The Ames Tribune - More than 3,000 Attend Obama Speech at Iowa State University
Sen. Barack Obama, D-Ill., painted himself Friday as the change agent for the political atmosphere he said has plagued Washington and created decades-old stalemates on healthcare reform and fundamental changes in energy policy.
Addressing a crowd of more than 3,000 people on the central campus of Iowa State University, Obama said he will change politics and put an end to the games the U.S. Congress and the White House have been pulling if elected president.
"You know, we spent time (Thursday) debating a MoveOn.org ad in the New York Times instead of debating what we were going to do about Iraq," he said. "That is the kind of game-playing that we've got to get over."
Obama's trip to Ames Friday was his first since February when he drew more than 4,000 people at Hilton Coliseum announcing his candidacy for president.
During his 50-minute speech outside Curtiss Hall Friday, Obama drew cheers from the mostly college-aged crowd for criticizing President Bush and his administration's actions following Hurricane Katrina, granting tax cuts to the wealthy and their handling of the Iraq war.

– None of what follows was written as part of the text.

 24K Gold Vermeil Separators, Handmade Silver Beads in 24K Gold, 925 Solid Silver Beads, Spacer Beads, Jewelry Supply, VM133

He gained jovial applause while laying out his audience-geared campaign promises that included higher salaries for teachers, investing in rural economic development and working to help students eliminate their college debt before graduation.

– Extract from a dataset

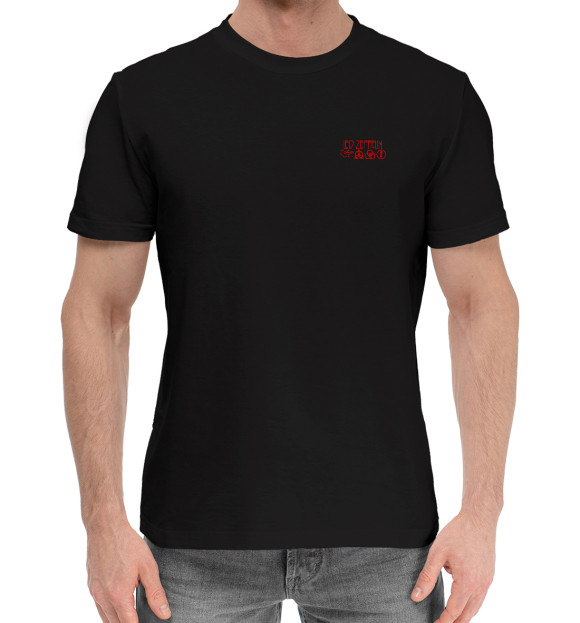 Мужская хлопковая футболка с изображением Led Zeppelin цвета Черный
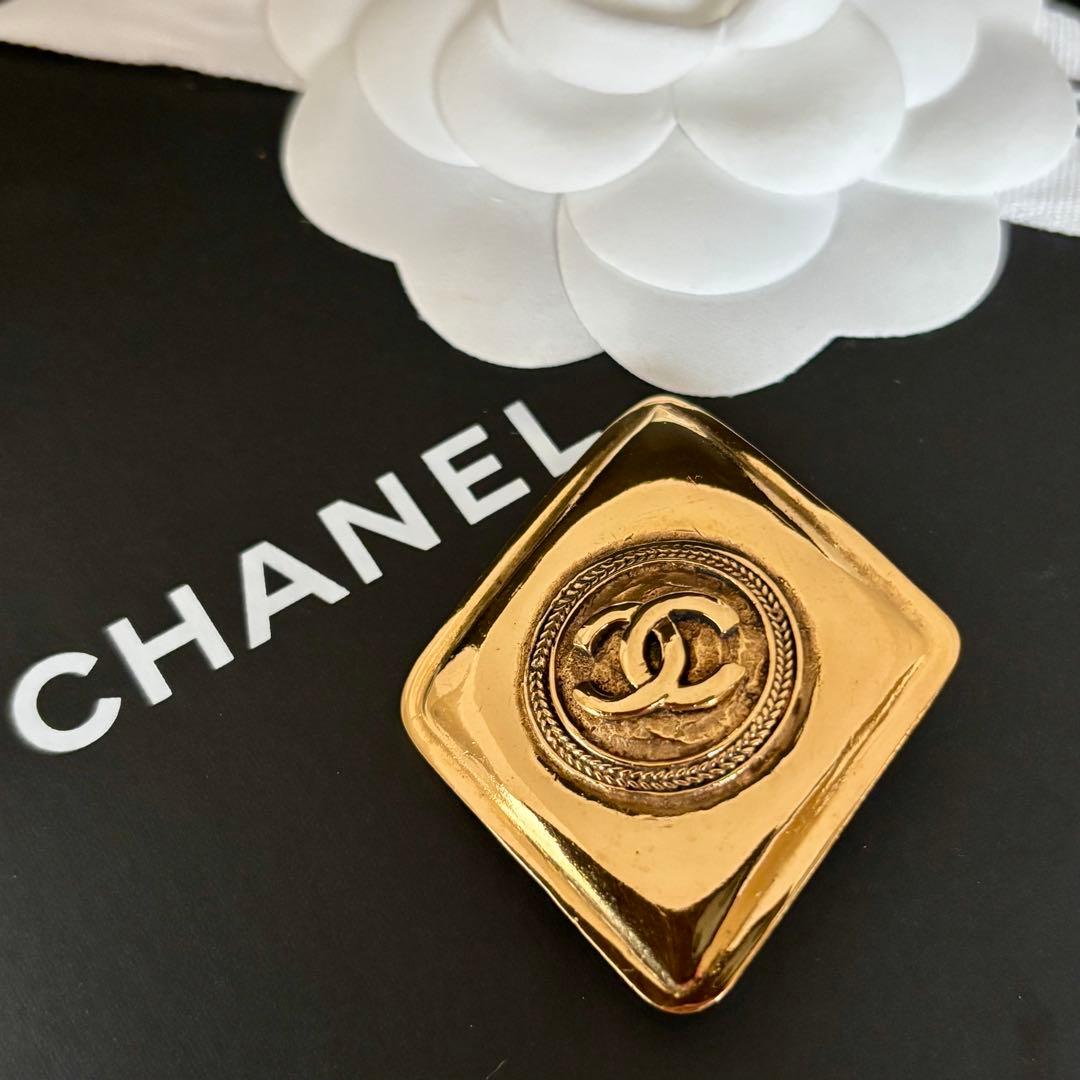 【良品】【シャネル】ココマーク ブローチ ひし形 ダイヤ形 ヴィンテージ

Obama reiterated his continued support to end the war in Iraq and begin to bring troops home by March 30, 2008. That plan was covered in a bill earlier this year that was vetoed by President Bush who did not want to put such a timetable on the war.
"I promise you that if we don't end this war before George Bush leaves office, the first thing I will do as president of the United States is pull the joint chiefs of staff and tell them it is time for us to start bringing those troops home," he said.
Obama argued that it would take more than ending the war in Iraq to restore U.S. diplomacy with the rest of the world, reiterating a plan he was largely criticized about that included talking with international leaders from all countries, allies or not.
"That's what strong nations and strong presidents do," he said. "They talk to their adversaries and tell them where America stands and what we believe in."
Later in his speech, he defended a common criticism of his campaign citing his lack of experience needed to hold the country's highest office. Obama, who has only served at the federal level as a U.S. senator since November 2004, cited his more than 20 years in public service "bringing people together to get things done" as experience enough.
"I am confident that I may not have the experience Washington likes, but I know I have the experience Washington needs right now," he said.
Later Friday, Obama spoke to a capacity crowd inside Ames City Hall auditorium. The speech was similar to the one he delivered on the ISU campus, but it was more geared toward senior citizens and local high school students.